Winwood himself quit Traffic briefly in 1970 to play with Blind Faith (a "supergroup" consisting of Winwood, Eric Clapton, Ginger Baker, and Rick Gretch), but he returned to cut several session albums, including the 1974 When the Eagle Flies. Winwood went solo in 1974, building himself his own personal recording studio on his fifty-acre farm in Gloucestershire. He seemed almost in retirement as the years passed, but instead he was working hard on new material, laying down every track himself at his studio and accepting help only with an occasional lyric. 

In 1977 he released Steve Winwood to unenthusiastic sales. Winwood told People that his first solo effort "got buried," and when time came to cut the next album "it was a make-or-break situation. If it hadn't been for Arc of a Diver, I might be a taxi driver." Indeed, the 1980 Arc of a Diver, with its hit single "While You See a Chance," was a great success both in England and America--even though Winwood refused to tour.

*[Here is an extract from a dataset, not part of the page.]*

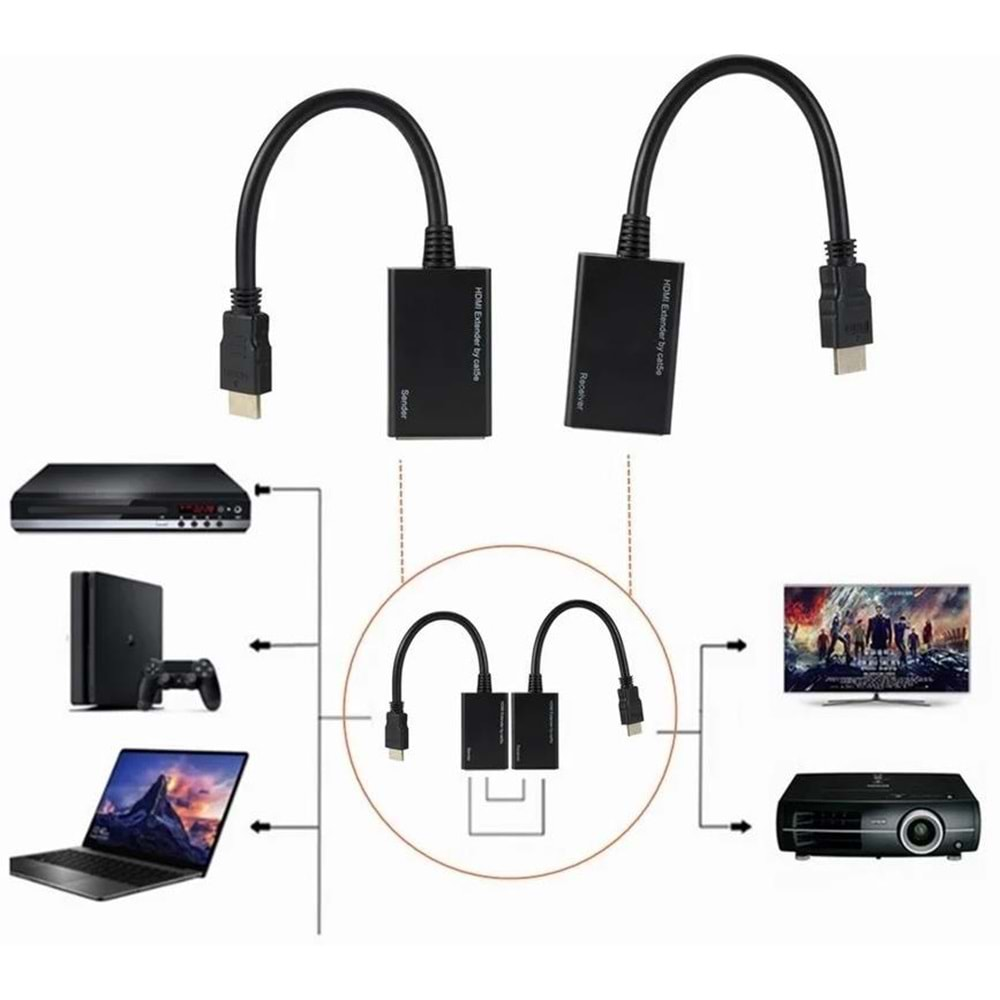 Hdmi Rj45 Cat5e 6 Extender Uzatıcı Uzatma Aparatı Adaptör 1080p 4757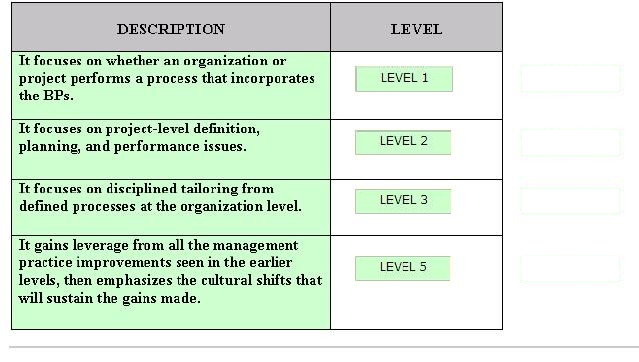 Valid CGEIT Test Materials & CGEIT Exam Pass4sure - Certified in the Governance of Enterprise IT Exam Reliable Test Practice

A reputation for reclusiveness (and drug abuse) hounds Winwood, although he denies both charges at every turn. He spends so much time at his farm, he says, because he is a perfectionist who makes albums very, very slowly. As for the drug abuse, he told Rolling Stone that he had no interest in drugs during the 1960s or in subsequent years. "I saw what drugs were doing to people," he said of the psychedelic era, "and in most cases I had to suffer the consequences of their substandard work.... I just don't fit into the predominant image of rock and roll. I never quite understood or had the attitude that certain other bands had. We were never really involved with the smashing-up of hotel rooms, the rowdy parties, like the other bands of the period." The 1980s have been a period of resurgence for Winwood. To quote Lisa Robinson in Vogue, the artist "sits comfortably at the top of the rock pantheon, a graceful survivor of an extraordinary number of years in the music business." Winwood has followed Arc of a Diver with two more platinum albums, Talking Back to the Night and Back in the High Life, and he has even undertaken a concert tour after thirteen years off the road. "More and more," he told Rolling Stone, "I see that rock and roll doesn't just need a youthful energy and spirit to it. It also needs a craft, an experience to get it across." 

 Today, Winwood said, his aim is to make music that he likes, hoping that an audience will like it as well. "The point for me is to reach people through what I'm doing," he said. "... If I make music that people might dance to, that's fine with me." He elaborated in High Fidelity: "I try not to aim at an audience. That can be dangerous--you might just miss, and then you haven't got anything. I basically make albums because I like to make them. I like to make successful albums, too, but I make them for my own ear in the hope that other people will like the same things as me." Rock and roll is entertainment", Winwood concluded.